I recently had to fix a Node.js lambda function that was abruptly stopped by AWS before it completed processing, reaching the maximum memory given to the function. On a bare metal server, you can add one more RAM module and hope for the best. However, in a serverless environment there are limitations. Particularly in AWS, the most you can give to a lambda function is 3,008 MB. You might assume it’s quite enough, but in this case that assumption would be incorrect.
This function was not complicated, but it had to parse a CSV (comma-separated values) file and for each record perform some tasks: validate, read something from DynamoDB, then do one or two writes per record, depending on some data.
The complicated thing was that it had to wait until all rows were processed. Once the overall process was completed, it returned the result: how many of the rows were processed successfully, how many gave an error and what those errors were (validation).
The even more complicated thing was that someone wanted to process a 70k records file and the 3,000 MB memory was not enough for this above process.

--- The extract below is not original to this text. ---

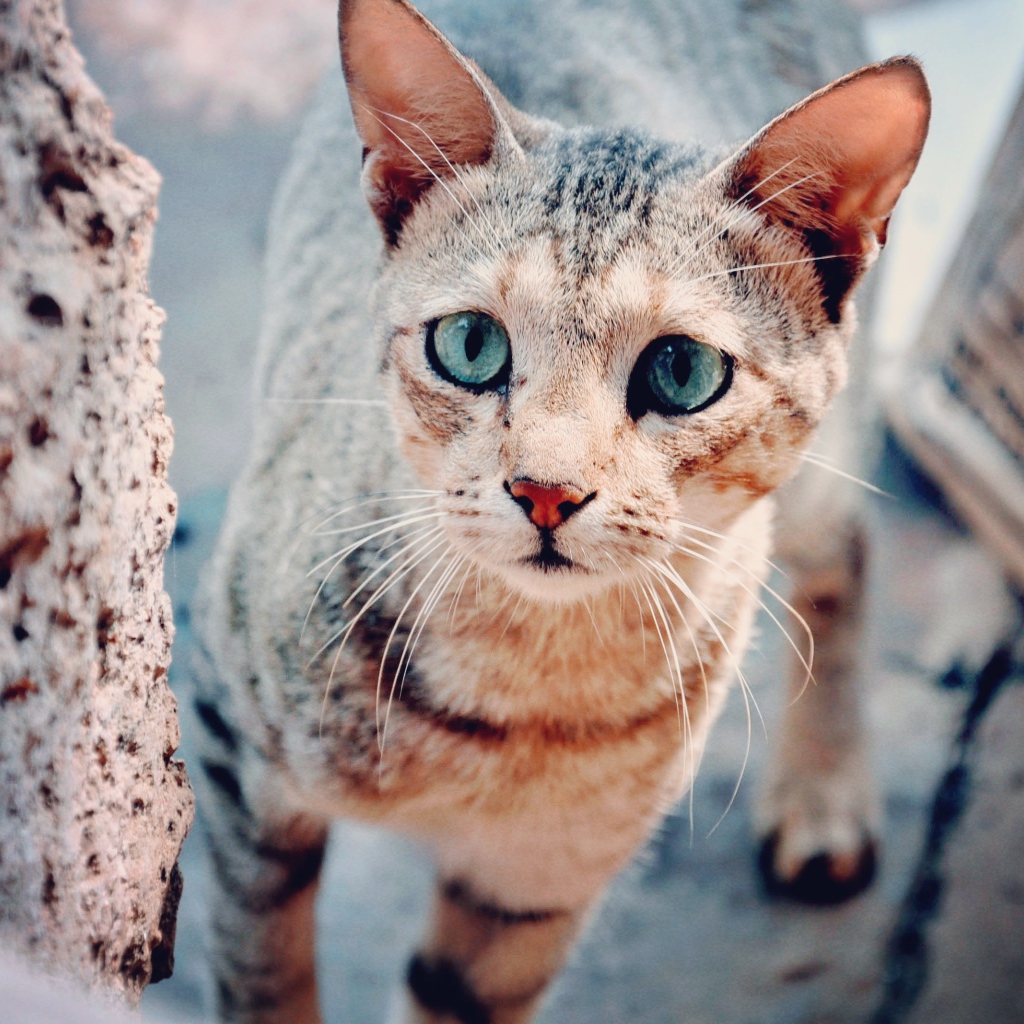 Голубоглазая серая кошка с грустным взглядом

In order to solve this issue, we proposed a few solutions:
Of course, the first thing we thought was to just move this outside of lambda. In AWS this could be done with ECS (Elastic Container Service). This could work, but it would add yet one more service to maintain and know about. Furthermore, it could be very expensive, depending on how much memory was actually needed.
Splitting the CSV is definitely possible, but error prone. How few rows are too few, how small should the chunks be and how do we ensure this is done in a solid failure-proof way? The CSVs were uploaded by a third party. Most synchronized nightly. Probably automated. Ugly.

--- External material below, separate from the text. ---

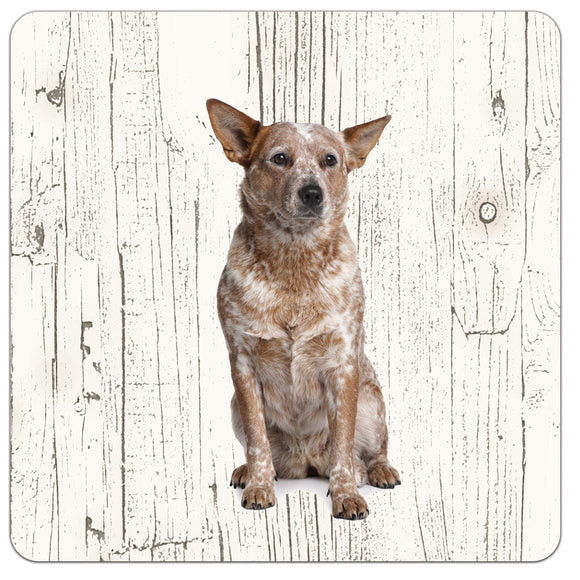 Hond Australian Cattle Dog | Houten Onderzetters 6 Stuks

Probably time consuming, but easily the solution that scales best if it proves to be effective.
Implementing solution #3
The code was outdated, built on Node v6, with deep nested callbacks, albeit somewhat managed with the famous “async” library.
Step 0: Refactor
Up until recently, AWS supported versions 6 and 8.10, so we went with 8, which provides support for Promises and native async/await to get rid of those deep nested callbacks.
The initial implementation had a pretty major issue: each record was processed individually, although it contained some data that was duplicated from other records. So, there were duplicate reads from DynamoDB. A lot of them.

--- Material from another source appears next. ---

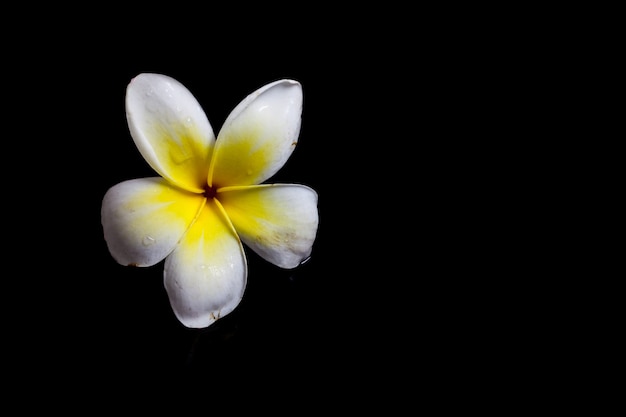 Plumeria sur noir.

A better solution was to group the records by the common criteria and then process the groups in parallel, as well as processing all the records within each group in parallel. Promise and async/await for the win! The resulting code was far smaller, easier to understand, did ~90% less reads from the DB and … still reached the memory limit.
Here I have the result from a demo repo I set up to test this (processing 100 groups with 1000 records each):
$ node index.js
Memory used before processing all records: 9.17 MB
Memory used after processing all records: 92.79 MB
Process time: 3352.570ms
After investigating what could possibly be eating up all the juicy RAM, it turns out that Promise is not particularly memory friendly. Bluebird was suggested, so let’s try it.
$ npm i bluebird
const Promise = require(‘bluebird’);
Easy fix. Memory dropped. By ~30%. But the function still timed out for the big files. Not good.
Here’s the test output:
$ node index.js
Memory used before processing all records: 9.3 MB
Memory used after processing all records: 67.32 MB
Process time: 3169.421ms
It turns out that waiting for all the promises to continue means that we have all those promises stored in memory. Go figure…
So, we needed to reduce the number of requests we did in parallel. Bluebird to the rescue again, with Promise.map. Using the concurrency option of this function we can set how many concurrent items should be processed at a given time.
And the final test output:
$ node index.js
Memory used before processing all records: 9.29 MB
Memory used after processing all records: 17.34 MB
Process time: 30132.855ms
What’s even better is that with this approach the memory peak is stable. It does not increase with the number of items there are to process, because after each batch of records is processed, the Garbage Collector kicks in.
Granted, this did increase the total time it takes to process the entire set, but for this particular scenario we’re only interested in reasonable and predictable memory usage.
The real-world code uses ~400 MB of memory and processes 10k records in about 30 seconds. We deemed that acceptable as opposed to running out of memory after 5 minutes.